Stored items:
>>>>

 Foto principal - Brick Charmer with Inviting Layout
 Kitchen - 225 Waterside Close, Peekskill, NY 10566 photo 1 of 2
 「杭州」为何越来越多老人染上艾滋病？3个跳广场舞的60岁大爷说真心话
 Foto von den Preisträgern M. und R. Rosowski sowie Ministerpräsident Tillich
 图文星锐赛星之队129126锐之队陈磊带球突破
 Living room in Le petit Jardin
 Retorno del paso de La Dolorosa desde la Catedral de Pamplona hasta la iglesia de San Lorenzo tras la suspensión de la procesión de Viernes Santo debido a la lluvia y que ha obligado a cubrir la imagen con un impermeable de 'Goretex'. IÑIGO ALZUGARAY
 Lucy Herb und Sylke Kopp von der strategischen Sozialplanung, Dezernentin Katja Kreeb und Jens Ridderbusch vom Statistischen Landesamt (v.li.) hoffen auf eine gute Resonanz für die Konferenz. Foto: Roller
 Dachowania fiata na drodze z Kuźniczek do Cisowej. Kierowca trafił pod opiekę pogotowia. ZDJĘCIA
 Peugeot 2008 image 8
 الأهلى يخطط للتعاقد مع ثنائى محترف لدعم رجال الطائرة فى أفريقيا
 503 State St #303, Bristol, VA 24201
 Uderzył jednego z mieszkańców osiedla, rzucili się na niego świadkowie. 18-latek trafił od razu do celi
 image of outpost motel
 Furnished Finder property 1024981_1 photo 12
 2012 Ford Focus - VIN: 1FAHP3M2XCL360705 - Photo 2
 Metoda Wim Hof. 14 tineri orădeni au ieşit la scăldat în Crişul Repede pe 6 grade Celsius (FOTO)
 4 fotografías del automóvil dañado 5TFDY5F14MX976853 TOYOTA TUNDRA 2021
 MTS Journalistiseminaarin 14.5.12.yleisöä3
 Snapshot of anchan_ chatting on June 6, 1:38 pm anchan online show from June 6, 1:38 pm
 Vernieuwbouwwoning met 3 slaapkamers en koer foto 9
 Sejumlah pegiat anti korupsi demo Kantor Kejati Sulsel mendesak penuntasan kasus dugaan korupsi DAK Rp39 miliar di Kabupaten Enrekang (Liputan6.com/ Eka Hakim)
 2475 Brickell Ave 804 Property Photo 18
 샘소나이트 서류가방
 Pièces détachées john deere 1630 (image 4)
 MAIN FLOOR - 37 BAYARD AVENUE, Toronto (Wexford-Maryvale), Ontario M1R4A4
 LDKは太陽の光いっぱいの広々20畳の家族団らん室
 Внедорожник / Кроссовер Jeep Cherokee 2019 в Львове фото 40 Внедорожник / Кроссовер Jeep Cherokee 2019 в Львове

<<<<

What the task asks: Would you please reproduce the records above exactly, only from their first line through the line holding "Dachowania fiata na", with both ends included?

Written reply:
 Foto principal - Brick Charmer with Inviting Layout
 Kitchen - 225 Waterside Close, Peekskill, NY 10566 photo 1 of 2
 「杭州」为何越来越多老人染上艾滋病？3个跳广场舞的60岁大爷说真心话
 Foto von den Preisträgern M. und R. Rosowski sowie Ministerpräsident Tillich
 图文星锐赛星之队129126锐之队陈磊带球突破
 Living room in Le petit Jardin
 Retorno del paso de La Dolorosa desde la Catedral de Pamplona hasta la iglesia de San Lorenzo tras la suspensión de la procesión de Viernes Santo debido a la lluvia y que ha obligado a cubrir la imagen con un impermeable de 'Goretex'. IÑIGO ALZUGARAY
 Lucy Herb und Sylke Kopp von der strategischen Sozialplanung, Dezernentin Katja Kreeb und Jens Ridderbusch vom Statistischen Landesamt (v.li.) hoffen auf eine gute Resonanz für die Konferenz. Foto: Roller
 Dachowania fiata na drodze z Kuźniczek do Cisowej. Kierowca trafił pod opiekę pogotowia. ZDJĘCIA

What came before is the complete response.